You Think Hawaii is Expensive Now? Wait Until The Universal Basic Income


By Jeff Paul

I spent three years in Hawaii. It’s obscenely expensive to live there. Real estate, food, electricity, health care, and travel costs are significantly higher in Hawaii than on the mainland. And incomes aren’t rising fast enough to match rising cost of living. As a result, many natives rely on government aid to survive. This week, Hawaii passed a new measure to study the universal basic income (UBI) as an attempt to address this problem.

But will it make costs even higher?

The bill, House Concurrent Resolution 89, declares that all families are entitled to basic financial security and empowers a number of government offices to evaluate universal basic income options.

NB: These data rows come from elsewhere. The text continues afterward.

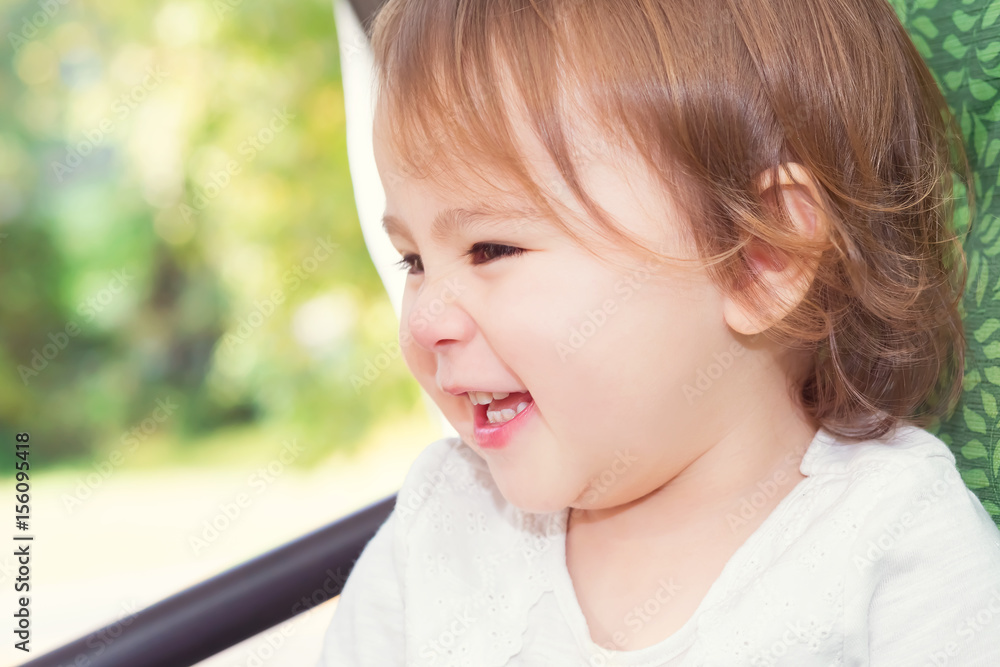 Happy toddler girl laughing while playing on a swing Happy toddler girl laughing while playing on a swing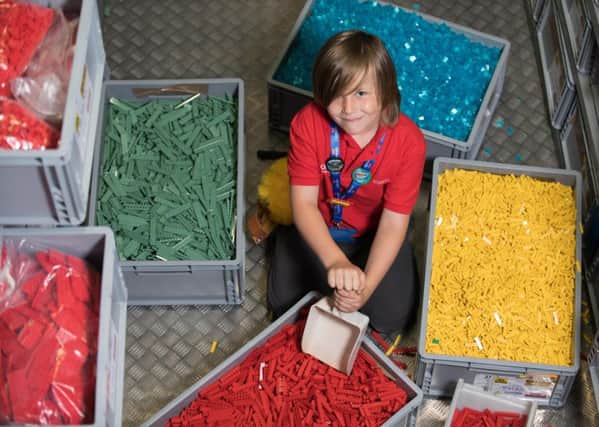 Stanley Bolland undertakes work experience as a 'Model Maker' at the Legoland Windsor Resort in Berkshire. Picture: David Parry/PA Wire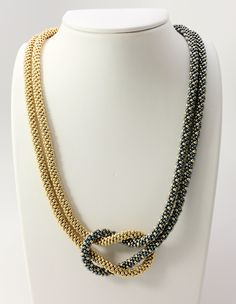 a necklace on a mannequin with two strands of beaded beads in gold and blue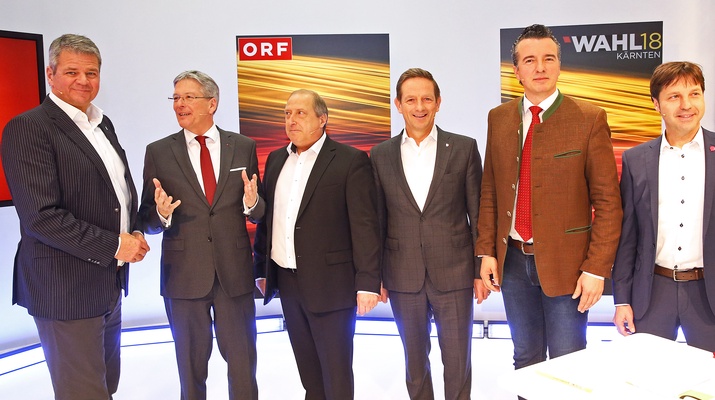 Gerhard Köfer (Team Kärnten), LH Peter Kaiser (SPÖ), Rolf Holub (Grüne), Christian Benger (ÖVP), Gernot Darmann (FPÖ) und Markus Unterdorfer-Morgenstern (NEOS).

Hawaii state representative Chris Lee wrote on Reddit that the measure will “analyze our state’s economy and find ways to ensure all families have basic financial security, including an evaluation of different forms of a full or partial universal basic income.”

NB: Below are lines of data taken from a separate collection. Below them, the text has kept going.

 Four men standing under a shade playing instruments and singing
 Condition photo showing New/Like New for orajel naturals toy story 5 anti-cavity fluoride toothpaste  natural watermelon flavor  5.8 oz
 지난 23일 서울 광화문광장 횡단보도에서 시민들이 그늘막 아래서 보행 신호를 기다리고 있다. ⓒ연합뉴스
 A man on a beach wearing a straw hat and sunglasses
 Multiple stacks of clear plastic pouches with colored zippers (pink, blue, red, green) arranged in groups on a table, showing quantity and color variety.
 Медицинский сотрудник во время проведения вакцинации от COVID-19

Presumably they’ll study what an adequate “full” UBI would be to live in Hawaii. I can save them some time.

The Missouri Economic Research and Information Center (MERIC) ranks Hawaii the most expensive state (ahead of Washington D.C.).  Analysis of their 2014 study determined that you need to make $122,000 a year to live in Hawaii.

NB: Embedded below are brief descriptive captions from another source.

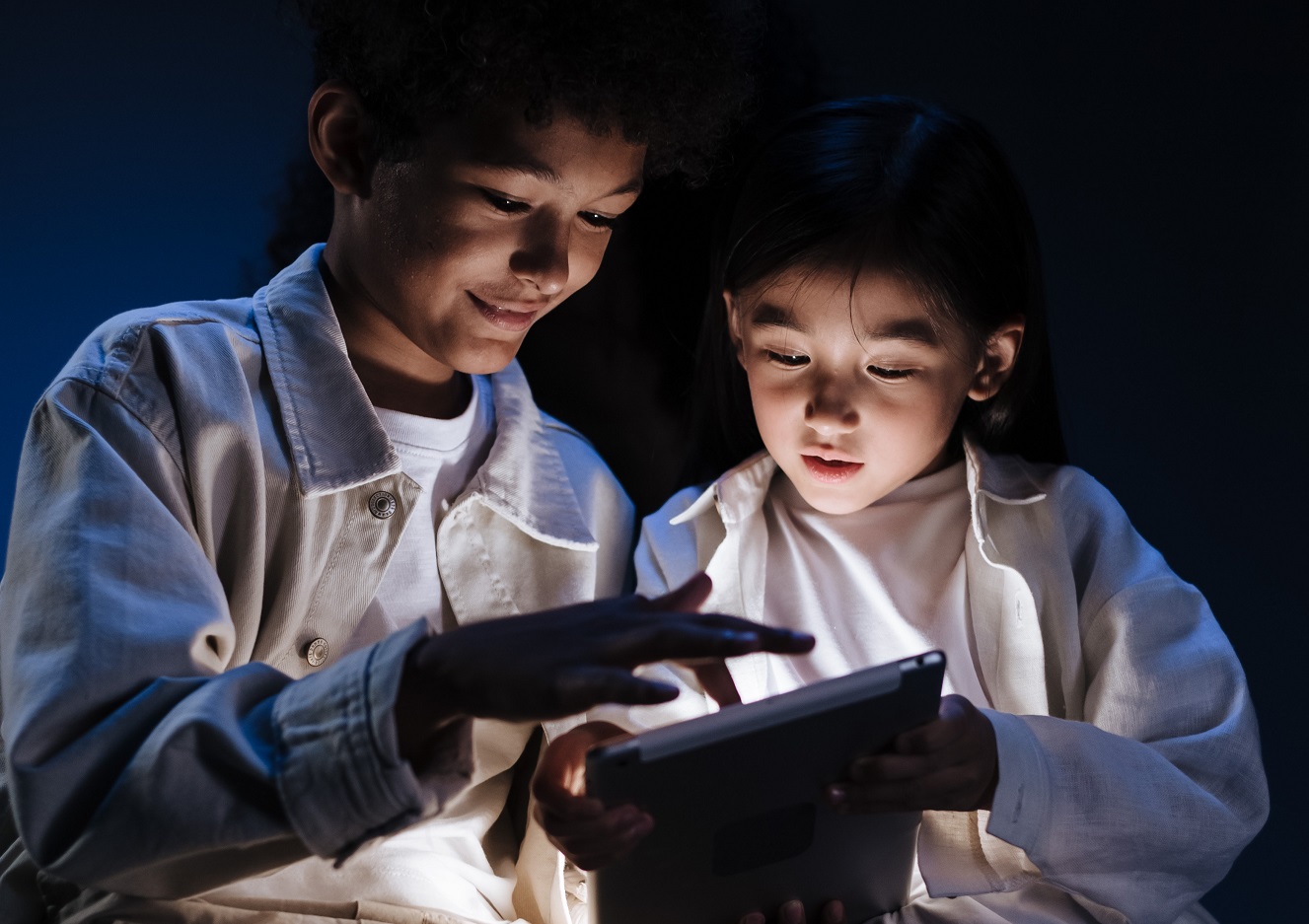 Zwei Kinder sehen auf ein I-Pad, welches ell im Dunkeln leuchtet.
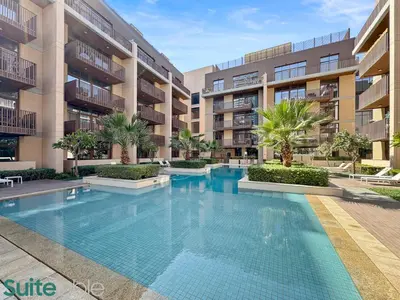 an empty swimming pool in a apartment building at Serene 1 Bedroom apartment in Belgravia - JVC in Dubai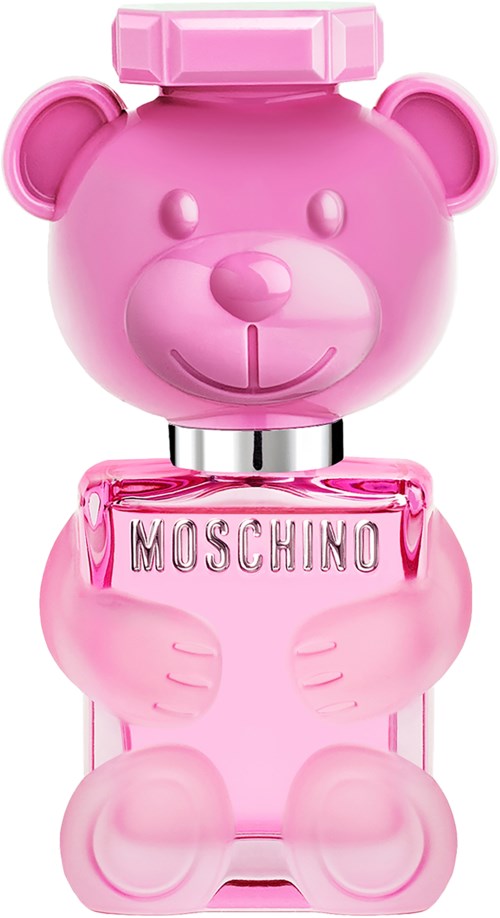 Ein rosa Parfümflasche in Bärenform mit Bärenkopfdeckel, hält ein Schild mit 'MOSCHINO'.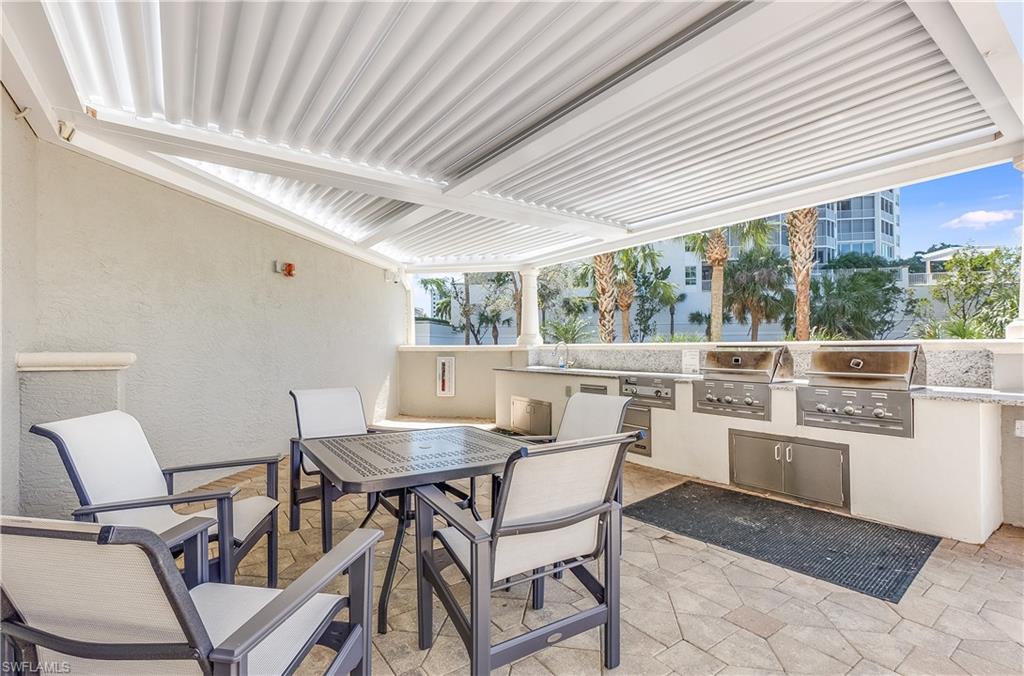 275 Indies Way, Unit 1002 Naples, FL 34110 - Photo 34 of 48 Dunes outside bbq area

All of those costs are surely higher today than in 2014, especially real estate which continues to set new record high prices. Although the median household income in Hawaii is higher than most of the nation at $73,486 per year, the shortfall of what’s needed is still tremendous.

A quick look at the cost of food gives us a sense of the challenges Hawaiians face.  According to the USDA, a “thrifty food plan” for a family of four in Hawaii costs $1,161/month, almost double the cost of the same food plan on the mainland.

Hawaii’s food stamp program SNAP bragged that they helped 98,440 families in 2014. That’s around a quarter of all households in Hawaii.
Hawaii already offers the highest welfare benefits in the country, equivalent to a pre-tax salary of over $60,000 per year, or about $29.13 per hour.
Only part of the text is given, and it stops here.